## [TASK DETAILS]
Pick out each line of the records that includes the string "shower", and copy it.

## [DATA EXTRACTS]
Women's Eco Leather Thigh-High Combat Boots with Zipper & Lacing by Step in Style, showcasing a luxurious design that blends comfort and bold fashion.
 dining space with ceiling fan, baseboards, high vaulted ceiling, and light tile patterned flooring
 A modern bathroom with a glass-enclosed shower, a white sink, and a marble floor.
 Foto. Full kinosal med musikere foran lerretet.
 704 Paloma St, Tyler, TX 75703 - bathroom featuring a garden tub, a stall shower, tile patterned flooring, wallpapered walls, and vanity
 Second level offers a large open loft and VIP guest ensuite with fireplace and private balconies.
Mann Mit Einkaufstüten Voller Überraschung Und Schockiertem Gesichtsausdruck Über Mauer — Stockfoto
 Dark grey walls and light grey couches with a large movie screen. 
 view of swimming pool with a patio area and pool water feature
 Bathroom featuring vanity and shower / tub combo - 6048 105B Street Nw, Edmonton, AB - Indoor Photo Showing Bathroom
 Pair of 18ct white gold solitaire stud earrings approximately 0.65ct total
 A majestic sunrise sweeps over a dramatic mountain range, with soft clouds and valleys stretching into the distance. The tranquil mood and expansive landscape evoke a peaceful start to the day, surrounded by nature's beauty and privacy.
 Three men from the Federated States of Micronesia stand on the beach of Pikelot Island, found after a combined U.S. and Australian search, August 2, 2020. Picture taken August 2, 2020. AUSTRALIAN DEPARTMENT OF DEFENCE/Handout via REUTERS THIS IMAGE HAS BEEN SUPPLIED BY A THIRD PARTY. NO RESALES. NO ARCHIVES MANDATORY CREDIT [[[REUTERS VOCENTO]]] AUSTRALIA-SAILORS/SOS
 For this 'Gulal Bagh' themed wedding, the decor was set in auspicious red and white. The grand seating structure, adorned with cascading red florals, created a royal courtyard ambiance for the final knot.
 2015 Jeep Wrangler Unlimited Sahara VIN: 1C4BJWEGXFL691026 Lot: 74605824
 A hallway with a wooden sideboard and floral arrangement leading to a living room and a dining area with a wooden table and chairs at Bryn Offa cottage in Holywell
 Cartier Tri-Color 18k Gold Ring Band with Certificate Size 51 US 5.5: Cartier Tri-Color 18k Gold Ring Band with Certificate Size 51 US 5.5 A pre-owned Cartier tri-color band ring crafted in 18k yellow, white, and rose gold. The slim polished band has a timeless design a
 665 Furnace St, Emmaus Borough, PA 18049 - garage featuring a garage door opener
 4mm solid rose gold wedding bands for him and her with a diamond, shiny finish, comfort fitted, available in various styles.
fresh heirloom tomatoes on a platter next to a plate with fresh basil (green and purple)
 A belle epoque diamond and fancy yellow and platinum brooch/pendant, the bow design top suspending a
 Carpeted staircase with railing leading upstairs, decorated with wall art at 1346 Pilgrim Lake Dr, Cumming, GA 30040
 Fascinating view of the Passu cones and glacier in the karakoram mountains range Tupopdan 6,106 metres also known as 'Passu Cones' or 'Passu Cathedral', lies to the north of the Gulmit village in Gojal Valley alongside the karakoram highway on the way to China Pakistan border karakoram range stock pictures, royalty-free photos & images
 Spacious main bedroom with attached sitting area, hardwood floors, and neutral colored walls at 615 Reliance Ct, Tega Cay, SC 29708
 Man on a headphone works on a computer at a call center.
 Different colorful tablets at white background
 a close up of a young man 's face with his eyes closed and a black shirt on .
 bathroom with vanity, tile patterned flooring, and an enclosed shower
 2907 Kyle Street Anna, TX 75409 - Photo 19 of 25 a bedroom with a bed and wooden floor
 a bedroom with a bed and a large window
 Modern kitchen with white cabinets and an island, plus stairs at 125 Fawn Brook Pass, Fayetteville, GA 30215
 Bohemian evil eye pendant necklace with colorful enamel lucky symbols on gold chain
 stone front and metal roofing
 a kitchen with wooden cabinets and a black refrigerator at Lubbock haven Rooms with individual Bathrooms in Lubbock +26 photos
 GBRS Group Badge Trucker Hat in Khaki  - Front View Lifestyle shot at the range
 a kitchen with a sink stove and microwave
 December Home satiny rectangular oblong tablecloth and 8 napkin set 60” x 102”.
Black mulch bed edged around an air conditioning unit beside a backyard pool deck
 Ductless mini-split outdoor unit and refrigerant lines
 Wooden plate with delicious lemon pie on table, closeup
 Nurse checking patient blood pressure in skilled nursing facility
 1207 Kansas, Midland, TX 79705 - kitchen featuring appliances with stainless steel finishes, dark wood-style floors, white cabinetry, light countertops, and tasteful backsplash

## [WRITTEN RESPONSE]
 A modern bathroom with a glass-enclosed shower, a white sink, and a marble floor.
 704 Paloma St, Tyler, TX 75703 - bathroom featuring a garden tub, a stall shower, tile patterned flooring, wallpapered walls, and vanity
 Bathroom featuring vanity and shower / tub combo - 6048 105B Street Nw, Edmonton, AB - Indoor Photo Showing Bathroom
 bathroom with vanity, tile patterned flooring, and an enclosed shower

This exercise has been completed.